Canadian ice hockey player (born 1996)

Steven Lorentz (born April 13, 1996) is a Canadian professional ice hockey player who is a centre for the Toronto Maple Leafs of the National Hockey League (NHL). The Carolina Hurricanes selected him in the seventh round, 186th overall, at the 2015 NHL entry draft. Lorentz won the Stanley Cup with the Florida Panthers in 2024.

==Early life==
Lorentz was born on April 13, 1996, in Kitchener, Ontario. He was the only son of Mark and Karon Lorentz, he attended St. Nicholas Catholic Elementary School and Laurel Heights Secondary School. He was raised with his sisters in Waterloo, Ontario. He began ice skating at the age of two, and started playing organized minor ice hockey three years later. Although players his age were usually divided randomly among the four local teams, the coaches held a "draft lottery" for the skilled Lorentz.

Growing up, Lorentz was a fan of the Toronto Maple Leafs. His childhood bedroom was modeled after the team, including a Maple Leafs score clock for his light and several posters, and his favourite player was Mats Sundin. In 2024, after signing with Toronto, Lorentz went viral within the hockey community when he posted his childhood yearbook from 15 years ago, where he claimed that in 15 years he would be playing in the NHL for the Maple Leafs.

Although many fans, commentators and media personality pronounce Lorentz's last name in the literal sense, often saying 'Lo-rentz', Lorentz's name is pronounced Lawrence.

==Playing career==
===Junior===
After leading the Waterloo Wolves AAA club in scoring, Lorentz was chosen by the Peterborough Petes in the 12th round, 226th overall, in the 2012 Ontario Hockey League Priority Selection.

===Professional===
====Carolina Hurricanes====
On June 27, 2015, the Carolina Hurricanes selected Lorentz in the seventh round, 186th overall in the 2015 NHL entry draft.
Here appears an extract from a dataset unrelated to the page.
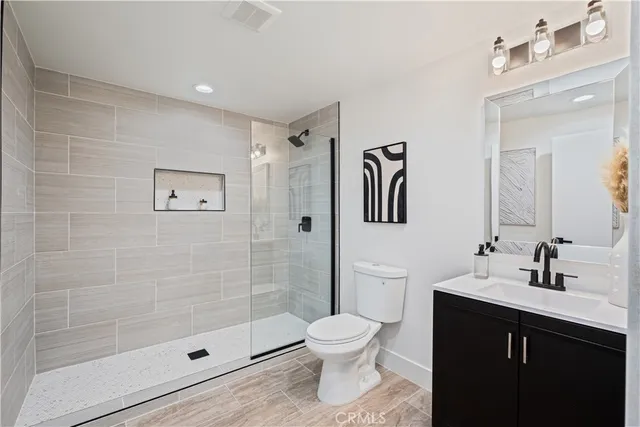 $1,449,000 | 2410 8th Avenue, Los Angeles, CA 90018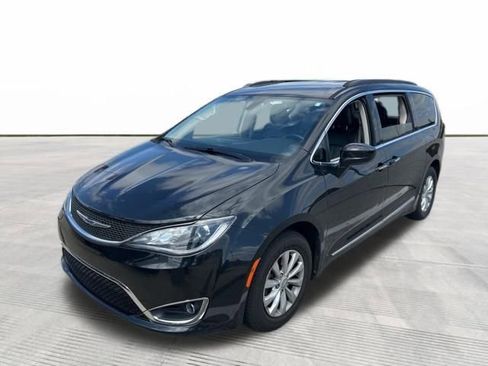 Used 2017 Chrysler Pacifica Touring-L FWD image 2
Following his fourth completed junior OHL season with the Peterborough Petes, the Hurricanes signed Lorentz on a three-year, entry-level contract on April 21, 2017.

Lorentz was one of those 31 players for the Hurricanes invited to the "bubble" as part of the 2020 Stanley Cup playoffs, but he did not play.

On October 15, 2020, the Hurricanes signed Lorentz to a two-year, two-way contract. In the pandemic delayed 2020–21 season, Lorentz made his NHL debut on January 28, 2021, in a game against the Tampa Bay Lightning. He subsequently recorded his first point on January 30 with an assist against the Dallas Stars. Lorentz scored his first career NHL goal on March 2, 2021, in a game against the Nashville Predators.

====San Jose Sharks====
On July 13, 2022, the Hurricanes traded Lorentz, goaltender Eetu Makiniemi and a conditional third-round selection in the 2023 NHL Entry Draft to the San Jose Sharks in exchange for Brent Burns and Lane Pederson. On July 22, the Sharks signed Lorentz to a two-year contract extension.

====Florida Panthers====
After a solitary season with the Sharks, on July 1, 2023, Lorentz was traded by the Sharks, along with a fifth-round selection in 2025, to the Florida Panthers in exchange for Anthony Duclair.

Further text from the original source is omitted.